- _LISTED ENTRIES_:
○ ○ ○ ○ ○ ○ ○

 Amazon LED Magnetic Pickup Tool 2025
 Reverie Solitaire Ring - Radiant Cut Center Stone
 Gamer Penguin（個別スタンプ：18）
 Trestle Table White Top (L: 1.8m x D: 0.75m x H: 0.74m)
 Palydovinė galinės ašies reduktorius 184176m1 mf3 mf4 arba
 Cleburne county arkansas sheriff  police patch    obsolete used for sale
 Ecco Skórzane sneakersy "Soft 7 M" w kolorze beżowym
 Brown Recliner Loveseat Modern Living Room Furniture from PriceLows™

○ ○ ○ ○ ○ ○ ○

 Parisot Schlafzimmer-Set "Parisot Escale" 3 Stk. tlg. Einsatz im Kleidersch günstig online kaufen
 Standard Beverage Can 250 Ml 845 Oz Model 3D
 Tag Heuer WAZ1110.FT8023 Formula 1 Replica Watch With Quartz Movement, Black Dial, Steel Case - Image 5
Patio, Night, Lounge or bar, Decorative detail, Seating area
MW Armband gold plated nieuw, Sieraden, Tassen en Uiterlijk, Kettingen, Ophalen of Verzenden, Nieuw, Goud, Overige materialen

○ ○ ○ ○ ○ ○ ○

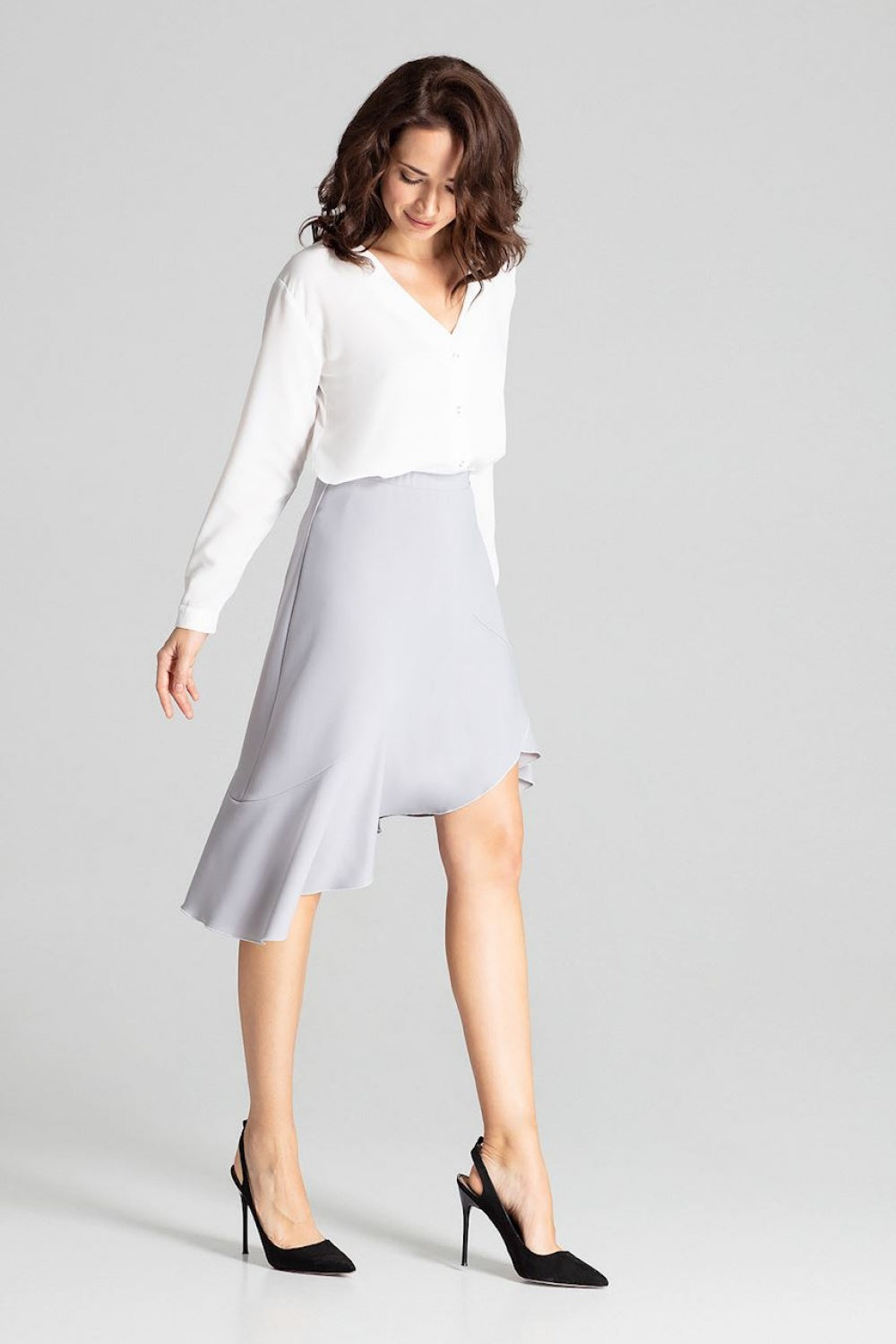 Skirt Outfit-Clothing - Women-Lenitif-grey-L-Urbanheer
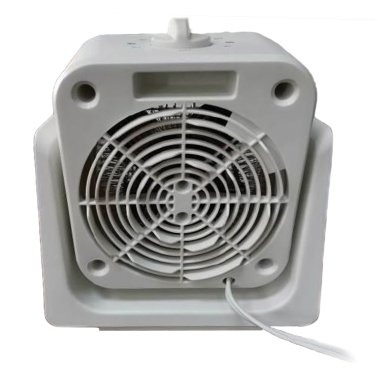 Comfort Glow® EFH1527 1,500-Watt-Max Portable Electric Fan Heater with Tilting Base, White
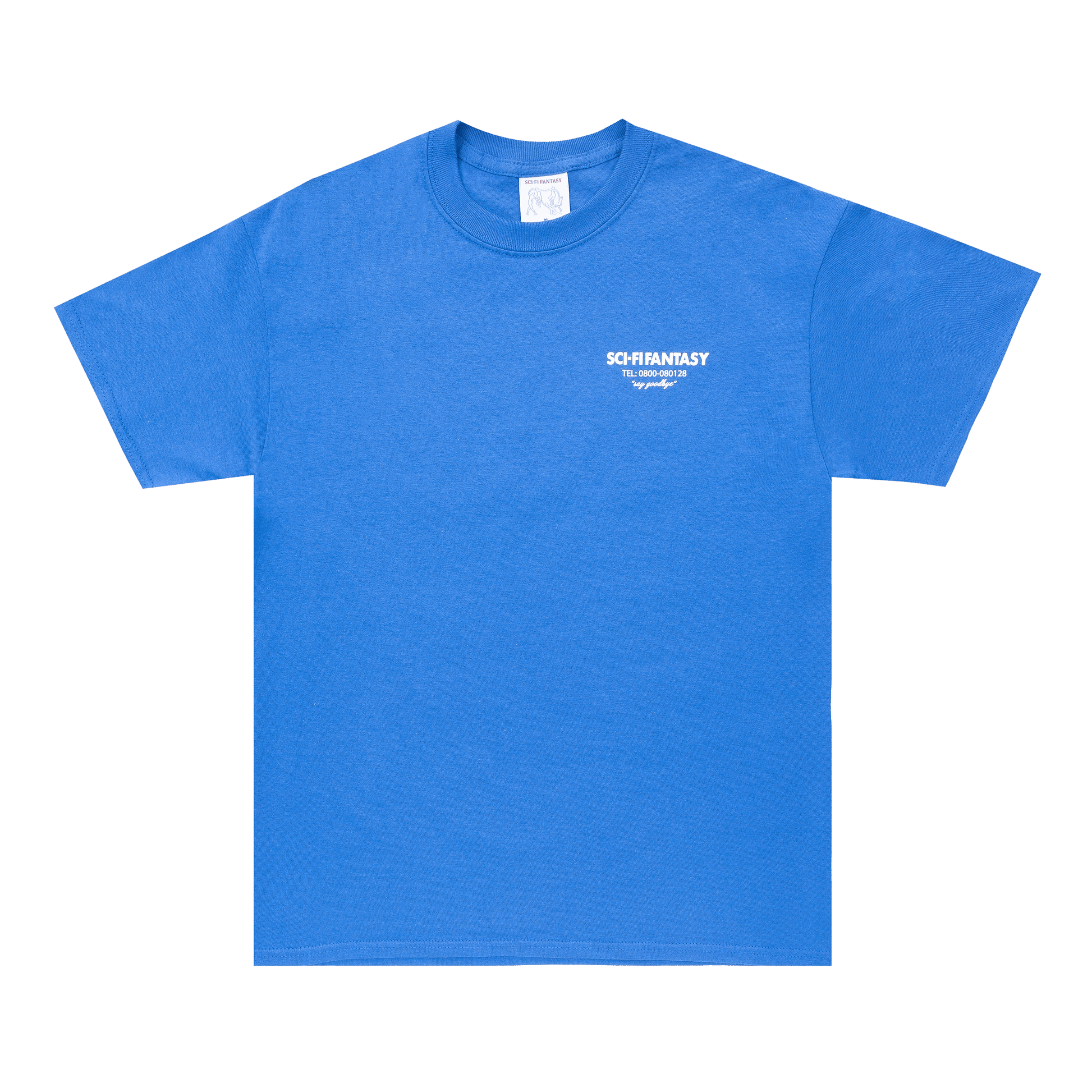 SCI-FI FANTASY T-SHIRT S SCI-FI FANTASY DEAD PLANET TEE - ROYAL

○ ○ ○ ○ ○ ○ ○

- _TASK OBJECTIVE_:
Among the entries above, the lines between the ones containing "Ecco Skórzane sneakersy" and "Brown Recliner Loveseat", inclusive, are to be transcribed exactly. No other line is to be given.

- _REPLY TO THE TASK_:
 Ecco Skórzane sneakersy "Soft 7 M" w kolorze beżowym
 Brown Recliner Loveseat Modern Living Room Furniture from PriceLows™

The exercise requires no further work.